Specifically, a method for producing an ethylene vinyl acetate hot-melt adhesive according to one aspect of the present invention comprises: introducing a liquid including at least one of water and alcohol aqueous solution into a heating kneader while or after kneading a hot-melt adhesive material in a liquid state, at an amount of 0.05 parts by mass with respect to 100 parts by mass of the hot-melt adhesive material; and performing vacuuming while heating stirring or dispersing the hot-melt adhesive material and the liquid so as to come into contact with each other.
As described above, the method for producing an EVA hot-melt adhesive according to the present invention comprises: introducing a liquid including at least one of water and alcohol into a heating kneader while or after kneading a hot-melt adhesive material in a liquid state, at an amount of 0.05 parts by mass with respect to 100 parts by mass of the hot-melt adhesive material; and performing vacuuming; and performing vacuuming while heating stirring or dispersing the hot-melt adhesive material and the liquid so as to come into contact with each other.

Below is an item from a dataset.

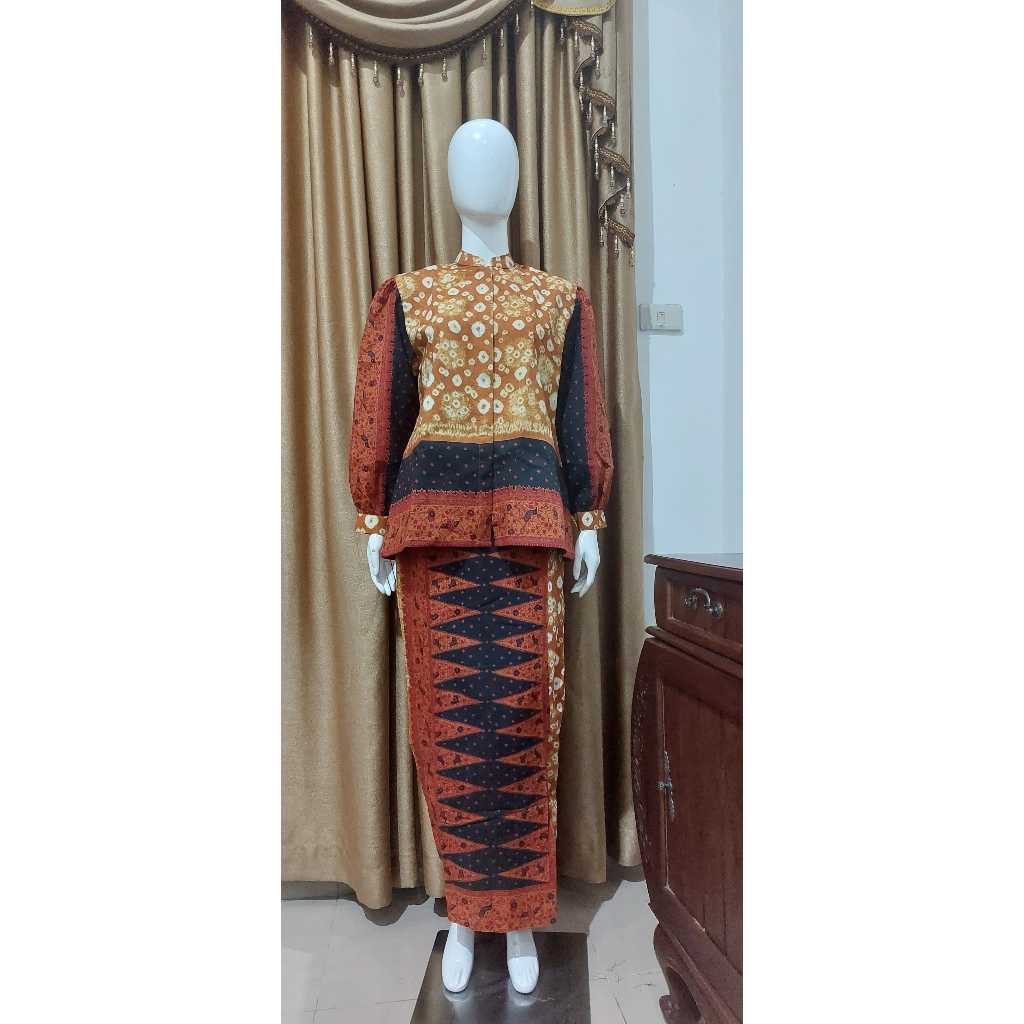 Setelan Rok Jumputan Handmade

This configuration can facilitate production of an EVA hot-melt adhesive with a low odor, thereby achieving both various performances of the EVA hot-melt adhesive and a low odor. Specifically, the present invention can lower an odor representing the defect of an EVA hot-melt adhesive by using techniques applicable to a wide variety of EVA hot-melt adhesives without restricting the various performances of conventional EVA hot-melt adhesives. Furthermore, this way eliminates the necessity of using a special material, and therefore a cost reduction is attained.
Hereinafter, an embodiment according to the present invention will be described in detail, but the present invention should not be limited thereto.
First, EVA hot-melt adhesive materials adoptable in the embodiment may include a base resin, a tackifier, a wax, and other additive, which are conventionally used for such a hot-melt adhesive, without any particular limitation. Particularly, the producing method according to the embodiment can provide an EVA hot-melt adhesive with a low odor even by using any EVA hot-melt adhesive material.
Specific examples of the material adoptable as the base resin include a thermoplastic resin serving as a component constituting the EVA hot-melt adhesive without any particular limitation.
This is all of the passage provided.